UN Development Aid Conference Opens in Spain Amid Global Funding Crisis

The United Nations Conference on Financing for Development opened on Monday in Seville, Spain, bringing together at least 50 world leaders to address urgent global challenges such as poverty, hunger, climate change, healthcare, and peace—despite mounting concern over declining international development aid. This once-in-a-decade summit, scheduled to run through Thursday, comes at a time of historic cuts to development assistance, most notably by the United States under President Donald Trump, who withdrew more than 80% of USAID programmes shortly after taking office in January. The US is absent from the conference, a move that has drawn criticism from several quarters. Key figures attending the summit include UN Secretary-General António Guterres, European Commission President Ursula von der Leyen, French President Emmanuel Macron, and Kenyan President William Ruto, alongside over 4,000 participants from civil society, the private sector, and global financial institutions. Adding to the funding shortfall, Germany, the United Kingdom, and France have also reduced their aid budgets, reallocating resources to meet rising NATO defence obligations driven by pressure from Washington.
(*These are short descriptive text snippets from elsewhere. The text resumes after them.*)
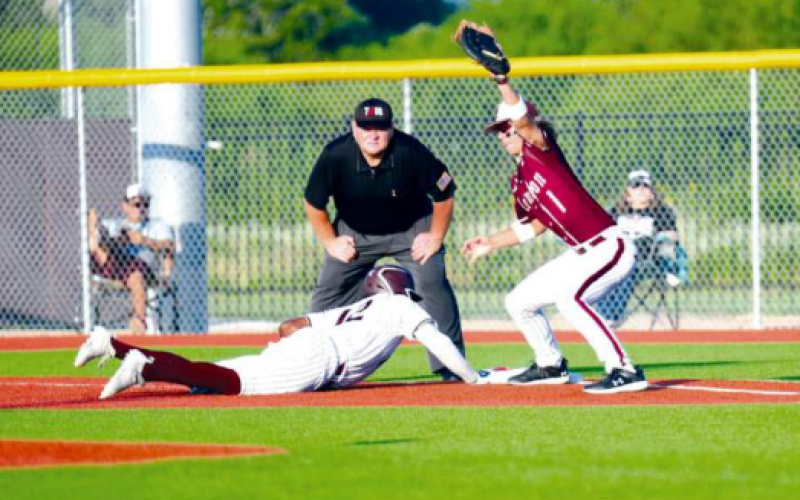 Jorian Wilson easily gets back to first-inning pickoff attempt.
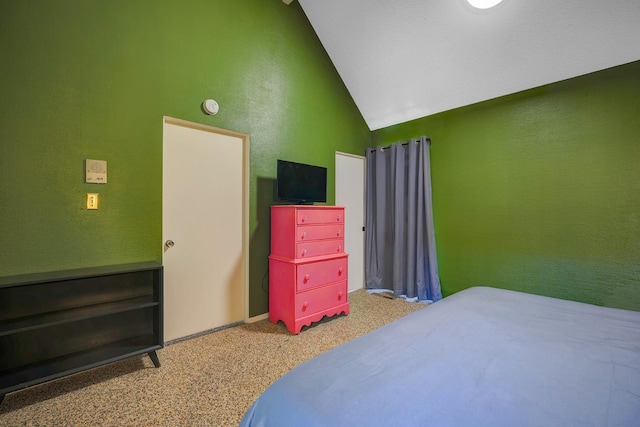 carpeted bedroom featuring vaulted ceiling and a textured wall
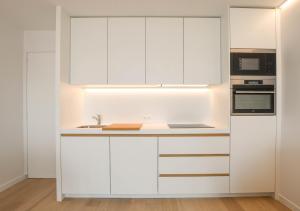 a white kitchen with white cabinets and a sink at Studio Zeezicht fully renovated in Ostend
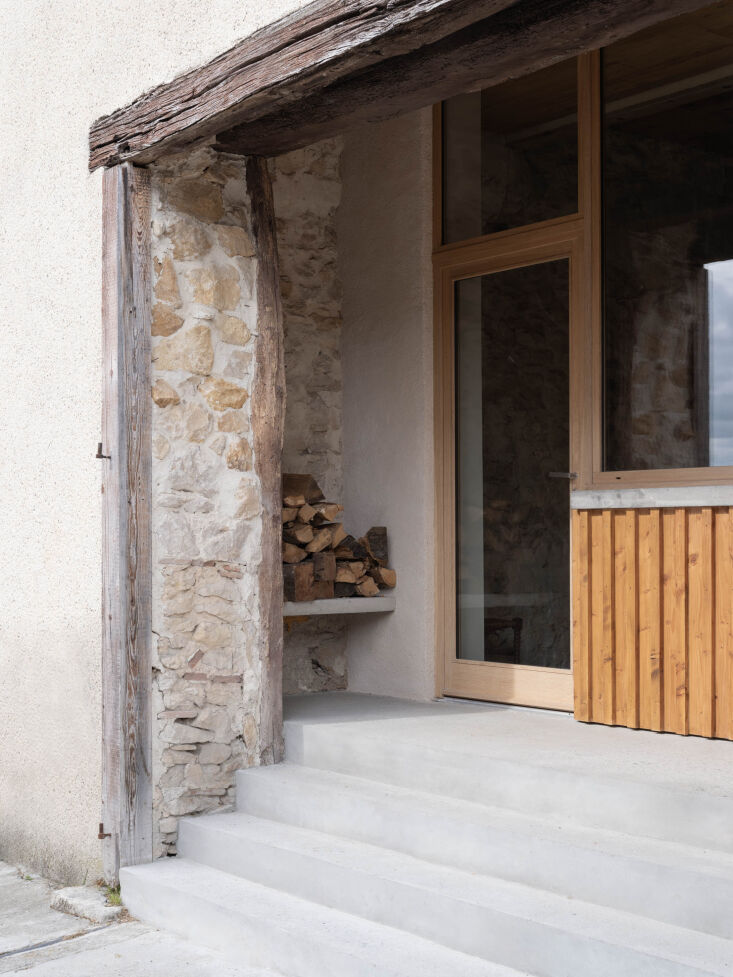 oak framed windows and front entry with an integrated concrete shelf for wood s 18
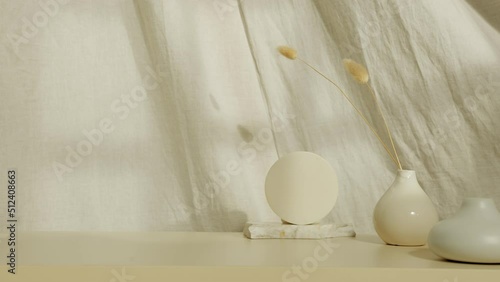 Still life with ceramic products and a flower in a vase, on the background of linen fabric and sunlight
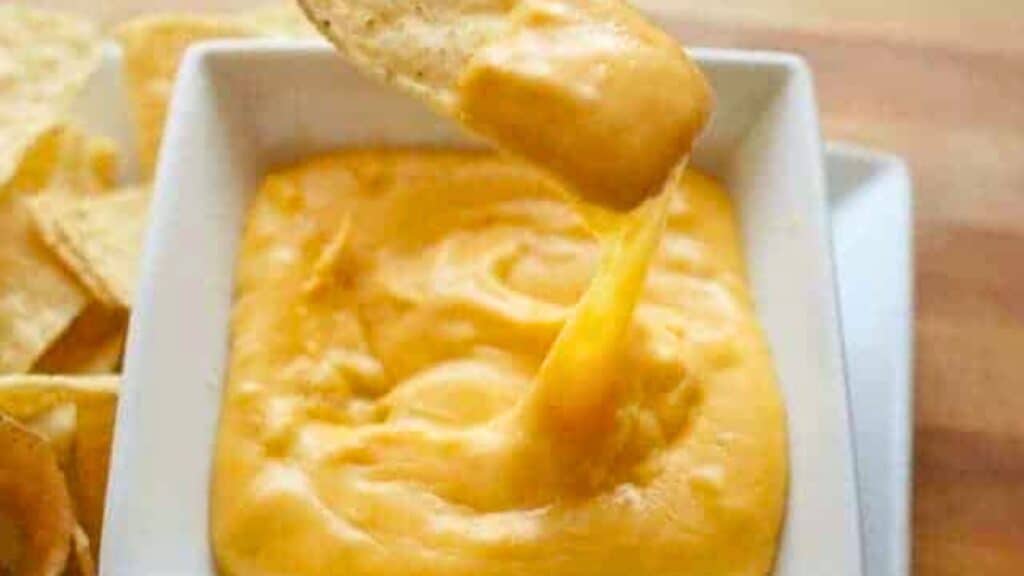 Image shows a tortilla chip pulling nacho cheese out of a white bowl filled with it.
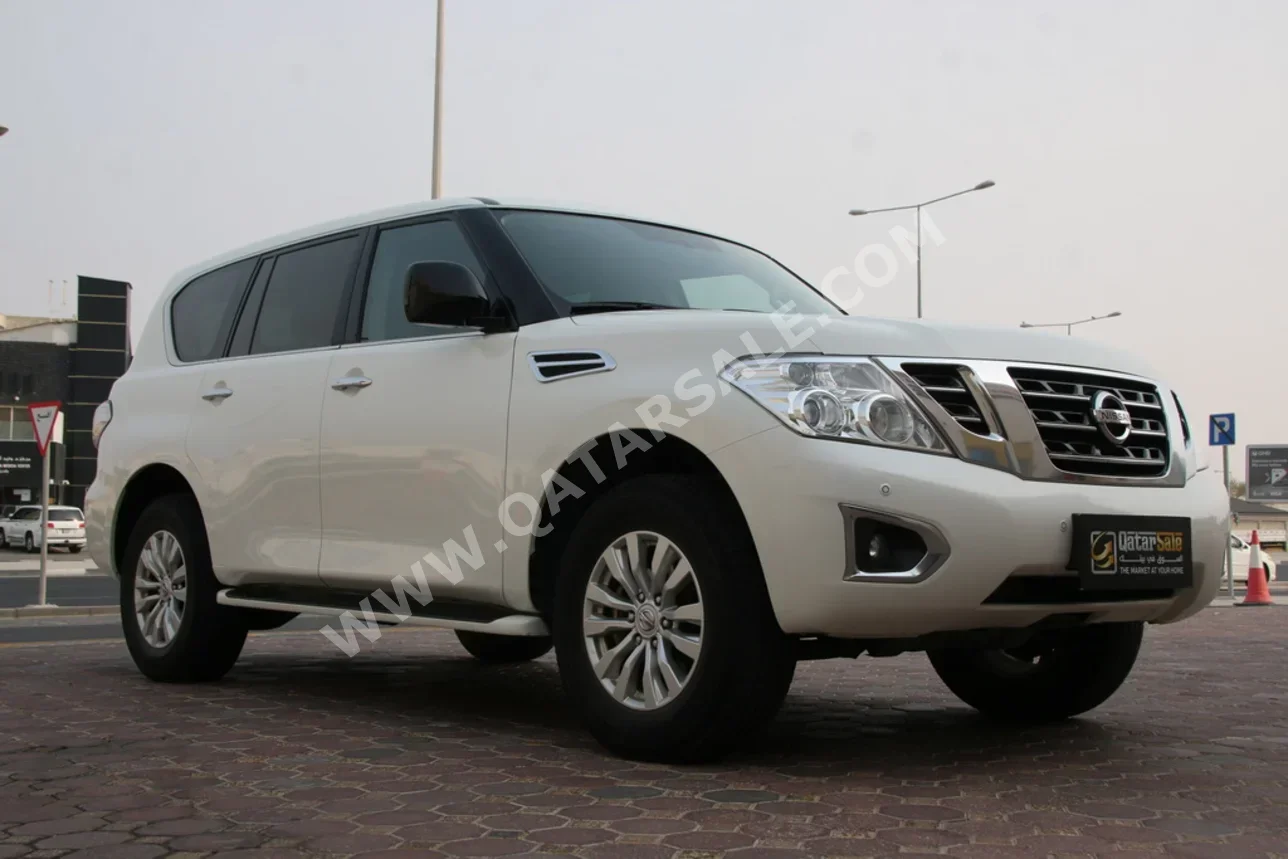 Nissan  Patrol  XE  2019  Automatic  135,000 Km  6 Cylinder  Four Wheel Drive (4WD)  SUV  White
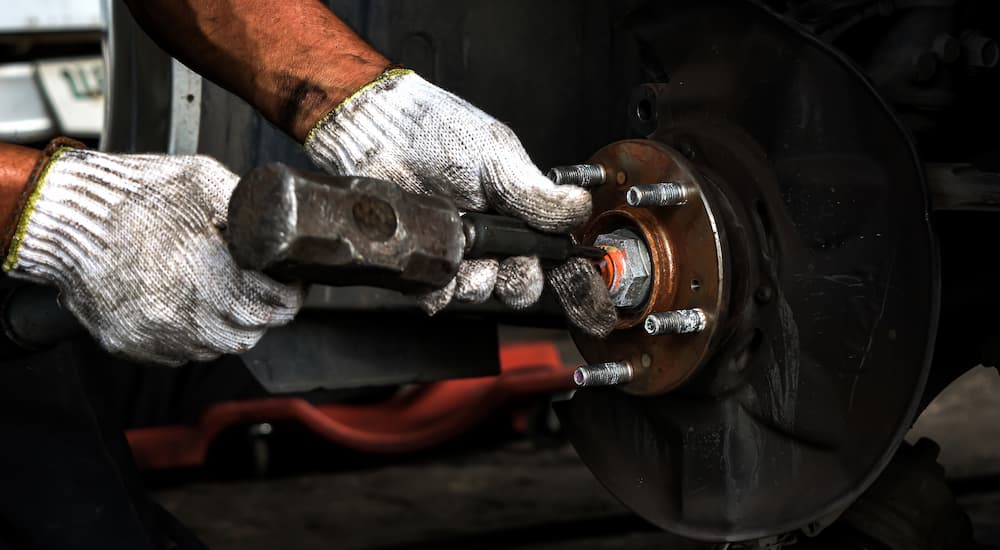 A person works on the wheel hub and wheel bearing of a car.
Global humanitarian organisation Oxfam International warns that the current wave of aid reductions represents the largest since 1960, and the UN estimates a staggering $4 trillion annual gap in development finance needed to meet the Sustainable Development Goals (SDGs) by 2030. The conference aims to restructure global financing in line with the 17 SDGs, adopted in 2015, but the withdrawal of major donors and shrinking budgets have cast doubt on the feasibility of achieving those targets within the remaining five-year window. A common declaration, negotiated earlier this month in New York, is expected to be signed during the conference. The document reaffirms commitments to gender equality, global cooperation, and reform of international financial institutions. While some, like Zambia’s UN ambassador Chola Milambo, hailed the declaration as a sign that multilateralism remains viable, Oxfam criticised the text for “lacking ambition,” arguing it prioritises the interests of the wealthy over the needs of the world’s poor. The conference continues amid street demonstrations in Seville, where activists are demanding a UN-led framework for sovereign debt resolution and greater accountability in international aid commitments.